CBS, now under the umbrella of Skydance Paramount following last month’s merger, is also acquiring The Free Press for around $150 million. The deal folds Weiss’s fiercely independent platform — known for its unapologetically heterodox journalism — into one of America’s most recognizable media institutions. In the new structure, Weiss will report directly to Skydance Paramount CEO David Ellison, son of Oracle founder and GOP megadonor Larry Ellison. Importantly, she will not report to CBS News president Tom Cibrowski, giving her an unusual degree of editorial autonomy for a broadcast newsroom executive.
It’s a stunning reversal of fortunes for both parties.
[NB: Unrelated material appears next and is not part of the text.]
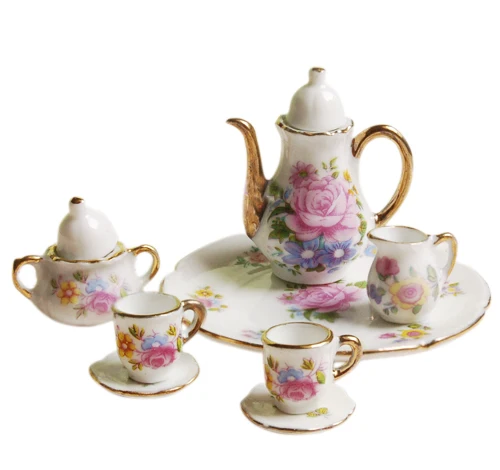 8PCS Flower Pattern Charms Dish Plate Tea Cup Set for 1/6 Scale Dollhouse House Miniature Pot Porcelain Ceramic Flower Print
Weiss left the Times after condemning its internal culture as “a kind of digital mobocracy,” one more interested in ideology than truth. Now, she’s inheriting a newsroom that’s been rocked by lawsuits, resignations, and a bruising identity crisis. CBS has hemorrhaged senior leadership over the past year, culminating in the resignation of 60 Minutes Executive Producer Bill Owens and CBS News CEO Wendy McMahon this spring. Even more seismic: the network’s $16 million settlement with Donald Trump, who accused 60 Minutes of deceptively editing his interview with then–Vice President Kamala Harris.
The timing of Weiss’s appointment — just weeks after that settlement and the completion of the Paramount-Skydance merger — is no coincidence. Ellison’s team has made clear it wants to overhaul CBS’s image from an echo chamber of establishment consensus into something more reflective of what Weiss calls “the actual mainstream.” That means less sanctimony, fewer partisan blinders, and more focus on “politically mixed, pragmatic Americans” — the audience Weiss says traditional media has abandoned.
But inside CBS, anxiety is running high. Staffers, according to multiple reports, are whispering about layoffs, resignations, and a “culture clash” between Weiss’s blunt centrism and the network’s historically progressive newsroom culture. “There’s real fear in the building right now,” one insider told The Wrap. “People are scared, plain and simple.”
They have reason to be. Weiss isn’t a caretaker — she’s a reformer. Her track record shows she doesn’t tiptoe around ideology; she dismantles it. Her new debate series, expected to air across CBS platforms next spring, will tackle polarizing issues like immigration, bioethics, and free speech — exactly the kinds of topics legacy media has long avoided for fear of offending one side of the aisle.
And that may be precisely what Ellison and Weiss are betting on: that truth-telling, even when messy, is the only way to restore public trust.